Tuning M often goes together with efSearch and pruning strategies to hit a target recall–latency curve. Increasing efConstruction can improve the quality of the M neighbors chosen at build time, which can let you get away with a slightly lower M for the same recall—or improve recall for the same M.

Trade-offs and practical tips

Trade-off summary: M balances connectivity (recall) against memory and compute. Too low M hurts recall and can create “bottleneck” nodes; too high M increases memory footprint and query latency without always improving recall much. Practical tip: profile memory consumption of HNSW indexes so you know how much each increment of M costs; then fix a recall target and choose the smallest M (and efSearch) that achieves it to keep latency and cost down.

Pipeline summary: set M at index creation (e.g. 16 or 32); combine with efConstruction so that the candidate pool for selecting M neighbors is large enough. At query time, efSearch controls exploration; M fixes the branching factor per node. Entry point selection and pruning strategies interact with M—fewer but higher-quality links can sometimes match recall of a higher M with less memory.
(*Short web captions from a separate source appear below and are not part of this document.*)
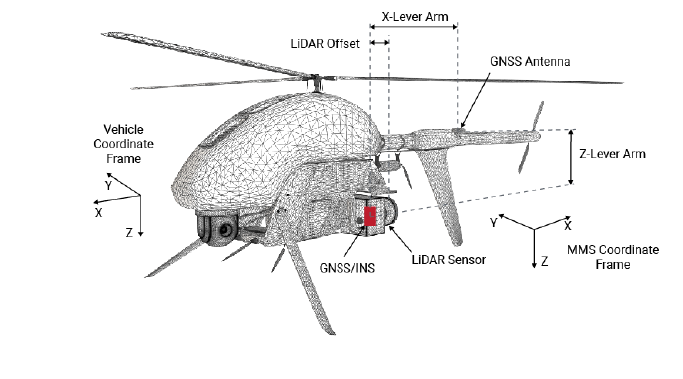 FIgure 2:  MMS Reference Frames and Offset calibration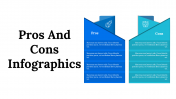 Easy To Editable Pros And Cons Infographics PowerPoint 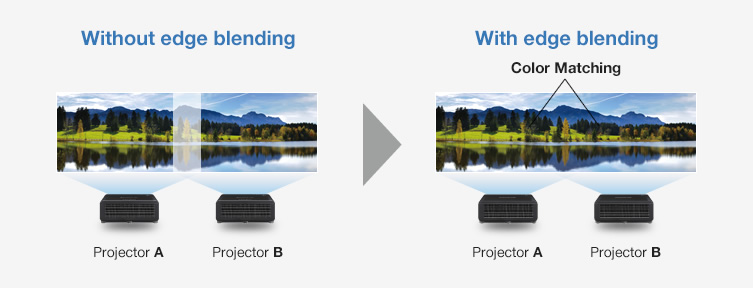 free edge blending software projector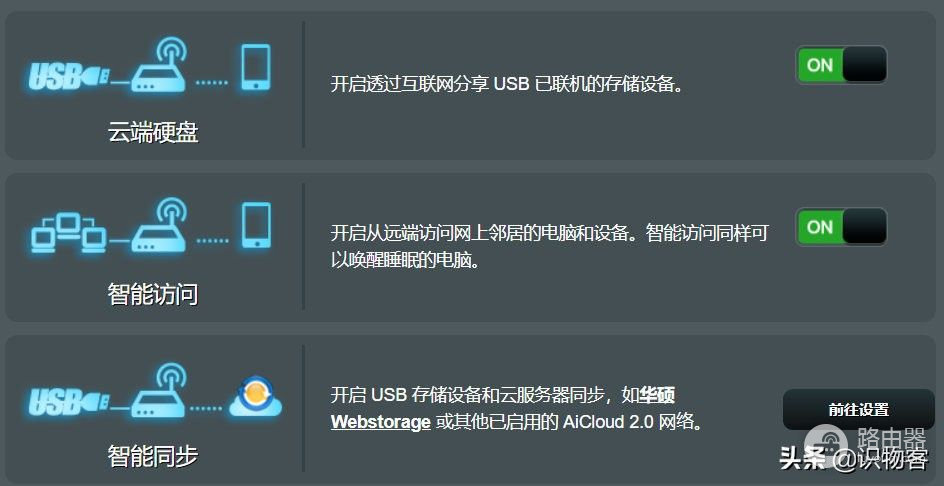 满级配置,千元级Wi-Fi6电竞路由器华硕RT-AX82U体验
Frequently Asked Questions

Can M be different per layer?

Some implementations use M for the bottom layer and a smaller value (e.g. M0) for upper layers to keep the top graph sparser and reduce memory and hop cost on the express layers.

What if I set M too low?

Recall can drop: not enough links to bridge clusters or escape local minima during greedy search. Increase M or efSearch to compensate.

Does M affect query latency?

Yes. More links per node means more neighbors to expand at each step; so higher M can increase query time as well as memory.

How do I choose M for my dimension?

Higher dimensions often need larger M for the same recall. Start with 16–32 and plot recall vs. M and efSearch on a validation set; tune to meet your recall and latency targets.